Thursday, December 24, 2015

#357




The poem addresses the pull between the struggle to be involved with his family and the admission that normally the only thing that has ever really mattered is his work. The first line can be read as a bit of capitulation to the pressures his wife has been laying on him. It triggers his “extra fate”: There has always just been work at the heart of his attention. Maybe not anymore, at least for a moment, since there’s this “extra love” now in the picture.

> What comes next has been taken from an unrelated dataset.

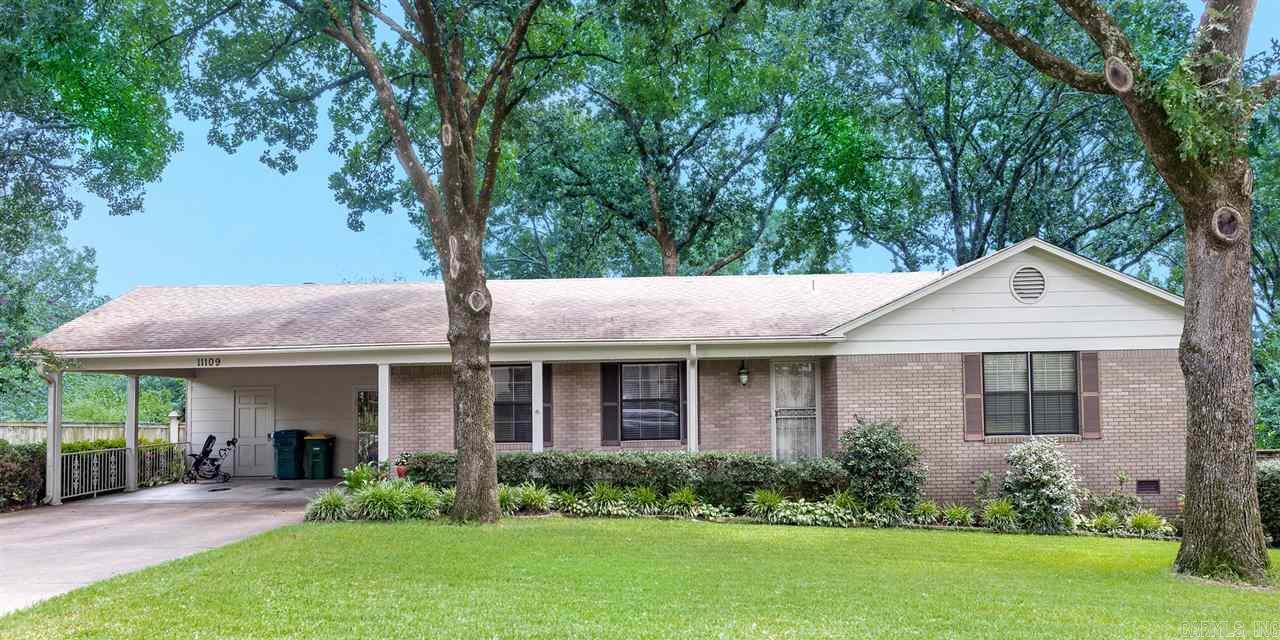 PLEASANT VALLEY - Residential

“He sings / & clowns” sure, but it leads to this pronouncement: “& is wiser than the next man.” Well, who with a working intelligence doesn’t think that about himself? We debate to prove it, and suspend the assurance of our own wisdom only when we have to. But it’s that willingness to suspend that assurance and let our opinions accommodate new information and new ideas that proves the deeper wisdom. Maybe he’s even showing a touch of it here in that he listened to Kate about the role he’s playing in his family and marriage. But what about that amazing special gift of his wisdom?—which we must be careful with it, sure, since it tends not to permit humility. But just as soon as he makes this concession he turns right around: “Unmanly slovenly love took him at times / and passed him back.” The guy hasn’t learned a thing, is what I’m seeing.

His “manhood” is tied up in his work. If the bonds of marriage and the tidal pull of love get him to waver, well, that happens, doesn’t it? You have to be human sometimes whether you want to or not. But in the end that’s “slovenly” stuff. It’s messy, you can’t count on it, and like the ghost of the first stanza, it’s something that just hangs around on the front door and makes its presence manifest now and then. In the end, though, love passed him back. Sorry, Kate.